(Data items)
== Segment start ==
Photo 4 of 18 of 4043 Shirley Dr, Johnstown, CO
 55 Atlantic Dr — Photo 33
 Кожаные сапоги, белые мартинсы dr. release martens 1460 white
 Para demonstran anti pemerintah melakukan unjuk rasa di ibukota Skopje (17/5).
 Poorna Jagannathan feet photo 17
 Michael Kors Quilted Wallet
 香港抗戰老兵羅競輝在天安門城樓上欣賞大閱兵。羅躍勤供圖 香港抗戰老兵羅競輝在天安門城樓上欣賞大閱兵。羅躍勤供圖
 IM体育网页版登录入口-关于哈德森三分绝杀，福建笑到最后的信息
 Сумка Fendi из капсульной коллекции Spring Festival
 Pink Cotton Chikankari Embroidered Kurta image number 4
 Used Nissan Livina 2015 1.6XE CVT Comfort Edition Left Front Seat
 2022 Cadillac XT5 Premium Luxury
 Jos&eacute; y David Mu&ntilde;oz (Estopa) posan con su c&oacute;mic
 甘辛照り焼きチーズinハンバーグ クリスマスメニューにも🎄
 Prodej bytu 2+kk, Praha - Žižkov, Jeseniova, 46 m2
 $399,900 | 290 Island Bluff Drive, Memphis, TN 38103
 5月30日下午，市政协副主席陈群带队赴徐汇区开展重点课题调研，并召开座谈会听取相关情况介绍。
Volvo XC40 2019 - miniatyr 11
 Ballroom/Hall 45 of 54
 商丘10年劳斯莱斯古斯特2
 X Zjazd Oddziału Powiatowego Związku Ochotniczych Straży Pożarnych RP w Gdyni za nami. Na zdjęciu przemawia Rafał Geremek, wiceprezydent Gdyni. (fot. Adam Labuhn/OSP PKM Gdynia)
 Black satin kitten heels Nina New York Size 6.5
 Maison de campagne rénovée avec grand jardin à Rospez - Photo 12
== Segment end ==
§ Assignment
Using the data above, restate word for word the lines from its opening line through the line that contains "Michael Kors Quilted Wallet", and no more.

§ Final answer
Photo 4 of 18 of 4043 Shirley Dr, Johnstown, CO
 55 Atlantic Dr — Photo 33
 Кожаные сапоги, белые мартинсы dr. release martens 1460 white
 Para demonstran anti pemerintah melakukan unjuk rasa di ibukota Skopje (17/5).
 Poorna Jagannathan feet photo 17
 Michael Kors Quilted Wallet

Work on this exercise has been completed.